Pembuat anggur Australia telah dilarang menggunakan kata-kata Champagne, Port dan Sherry pada label mereka di bawah kesepakatan besar Uni Eropa.
Produsen anggur memiliki waktu satu tahun untuk menghapus nama anggur berdasarkan lokasi geografis, yang dilindungi di bawah rezim pelabelan UE.
Anggur bersoda apa pun yang dibuat di luar wilayah Champagne Prancis mungkin tidak lagi diberi label Champagne.
Nama lain yang termasuk dalam larangan tersebut, yang berlaku untuk seluruh dunia anggur, adalah Burgundy, Chablis, Graves dan Sauternes, meskipun Tokay akan diizinkan untuk muncul pada label di luar wilayah Hongaria selama 10 tahun lagi.

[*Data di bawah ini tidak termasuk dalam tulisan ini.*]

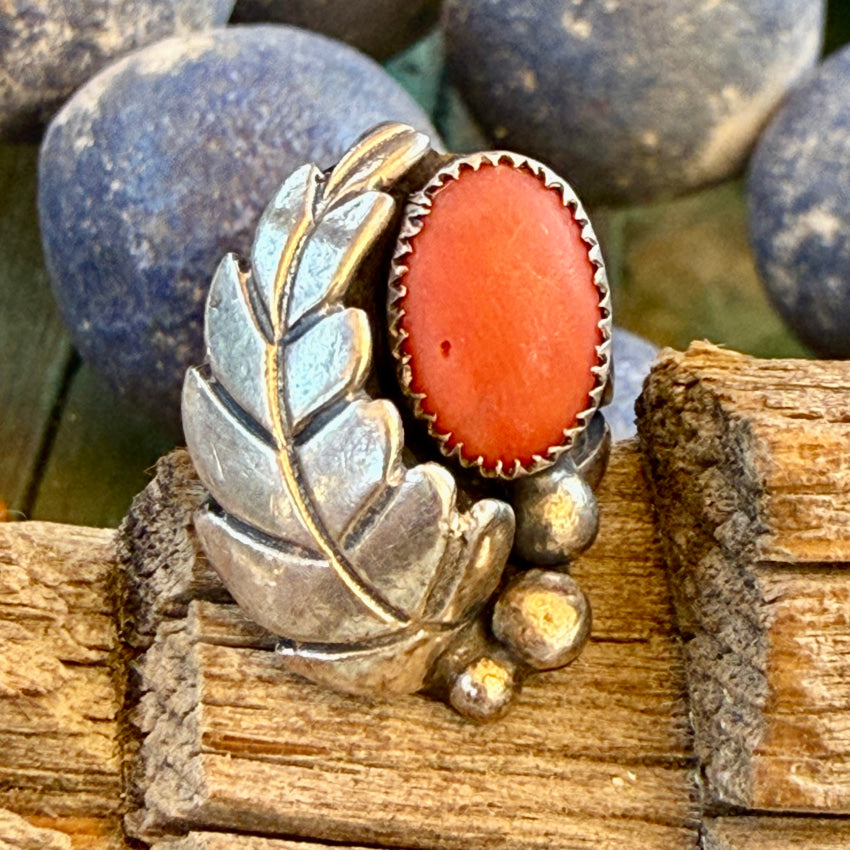 Vintage Sterling Silver Red Coral Ring Size 4 1/4 Earrings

Ekspresi gaya wine seperti Manzanilla, Amontillado dan Auslese juga akan dilindungi mulai 1 September 2011 setahun setelah perjanjian diberlakukan.
Sebagai gantinya, 117 indikator geografis Australia, termasuk Barossa, Coonawarra dan Margaret River, akan dilindungi di Eropa.
Komisaris Pertanian Eropa Dacian Ciolos berkata, 'Perjanjian ini adalah hasil yang sama-sama menguntungkan dan mencapai hasil yang seimbang untuk pembuat anggur Eropa dan Australia'.
John McDonnell, manajer Wine Australia, Irlandia, santai tentang keputusan baru itu.
'Kami tidak punya hidung berdarah. Indikator gaya sedang dihapuskan dan sebagian besar pembuat anggur memahami alasan di balik larangan tersebut - ini adalah fase pertumbuhan untuk industri anggur Australia. '
Ekspor anggur UE ke Australia bernilai £ 56 juta tahun lalu, menurut komisi Eropa.